According to a decision published on the FTC’s website, the Chinese hardware vendor has dodged crippling financial penalties. Instead, the FTC has “prohibited” Lenovo from “misrepresenting any features” in case it will ever decide to install adware on users’ laptops. Further, the company must get affirmative consent from users before pre-installing any adware on their devices, something you’d expect companies would do in the first place.
In addition, also part of the settlement, Lenovo will be required to set up a software security program for any software preloaded on its laptops. The company is required to run the program for the next 20 years, and the FTC will subject Lenovo to third-party audits on the program’s implementation.
Punishment is a joke
The entire punishment is a joke taking into consideration what it’s about. Starting with August 2014, Lenovo sold hundreds of thousands of laptops that came pre-installed with a software called VisualDiscovery, developed by a company named Superfish, Inc.. Estimates range from 750,000 to 800,000.
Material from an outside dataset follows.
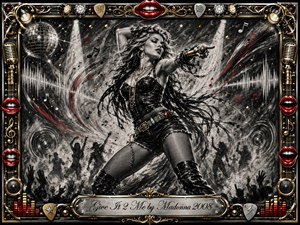 A fierce female performer commands a smoky concert stage, surrounded by dancing silhouettes, raised hands, sound waves, and swirling charcoal strokes. Deep black, gray, and white textures dominate, sharpened by red accents and gold highlights. Bright spotlights, a disco ball, ornate musical framing, and the engraved title plate amplify the glamorous, rebellious energy.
VisualDiscovery was designed to show popup ads whenever users hovered their mouse over certain electronics products, and more. In order to support this behavior, the software used a Man-in-the-Middle (MitM) technique to intercept all of the user’s Internet traffic.
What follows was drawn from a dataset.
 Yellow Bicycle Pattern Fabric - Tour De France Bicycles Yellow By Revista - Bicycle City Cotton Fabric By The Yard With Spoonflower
While intercepting HTTP traffic is easy, in order to intercept HTTPS traffic, VisualDiscovery installed its own digital certificate. The problem was that this digital certificate was the same on all devices, and it did not verify the validity of SSL certificates for any website it intercepted.
These two glaring security holes would have allowed anyone to create malware that could have tapped into VisualDiscovery’s insecure MitM technique and intercept web traffic from Lenovo laptops.
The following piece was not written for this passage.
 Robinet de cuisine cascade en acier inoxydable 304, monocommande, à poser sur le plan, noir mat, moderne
While Superfish only collected advertising-related data from Lenovo laptops, consumers didn’t feel at ease with a company they never heard of having untethered access to all of their data, such as passwords, financial data, medical information, or anything else they would have shared via the Internet using their Lenovo laptops.
Superfish adware removed, Lenovo faced class-action lawsuits
After the Superfish adware scandal broke out, Lenovo apologized and worked with industry experts to remove VisualDiscovery from all affected laptops.
Users also filed several class-action lawsuits, some of which were eventually settled. Some attacks using Superfish were detected in the wild.
An FTC complaint was filed soon after. Yesterday’s settlement is only a proposal. The FTC will listen for public comment for 30 days before making it final or adjusting the punishment.